If you’re looking for the truly bad apes, though, they’re the ones referred to as Donkeys. These ape collaborators are either loyal to Koba, Caesar’s militaristic rival who was killed off in 2014’s “Dawn of the Planet of the Apes,” or just hoping to save their own hides by working with the humans. Whether it’s serving as pack animals, sources of intelligence or willing participants in the beating and starving of the apes the Colonel has rounded up in a prison labor camp, there isn’t much the Donkeys won’t do to survive.
In the hands of director Matt Reeves (“Dawn of the Planet of the Apes”), who co-wrote the script with Mark Bomback (“Dawn of the Planet of the Apes”), the prequel breaks the curse of “the third one is always the worst.” Beautiful yet bleak, “War for the Planet of the Apes” is the most accomplished film in the series. It’s surprisingly emotional and truly something to behold.
As the Colonel, Harrelson is all coiled intensity.
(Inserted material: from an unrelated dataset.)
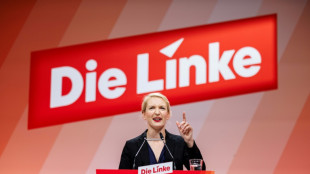 Linken-Chefin: Ohne Schuldenbremsenreform ist Koalitionsvertrag für die Tonne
He refers to the increasingly horrific military action as a “holy war” and surely would be in line to be tried at The Hague — assuming it hasn’t already been overrun by apes.
Serkis continues to amaze as Caesar. Call me a simpleton, but after about 10 minutes, it’s easy to forget you’re not watching real apes but actors wearing motion-capture suits, whose performances are then covered in fur by computer animators.
Much like FX’s stellar “The Americans,” which asks viewers to root for 1980s-era Russian spies who are determined to bring down our government, there’s more than a little conflict over cheering against the humans. The filmmakers, though, make things easier by ensuring there are exactly zero sympathetic humans aside from the very young Nova.
Even if you’re somehow still on the fence, by the time the stunning “War for the Planet of the Apes” turns into a variation on “The Great Esc-Ape,” you’ll be beating your chest with excitement and joy.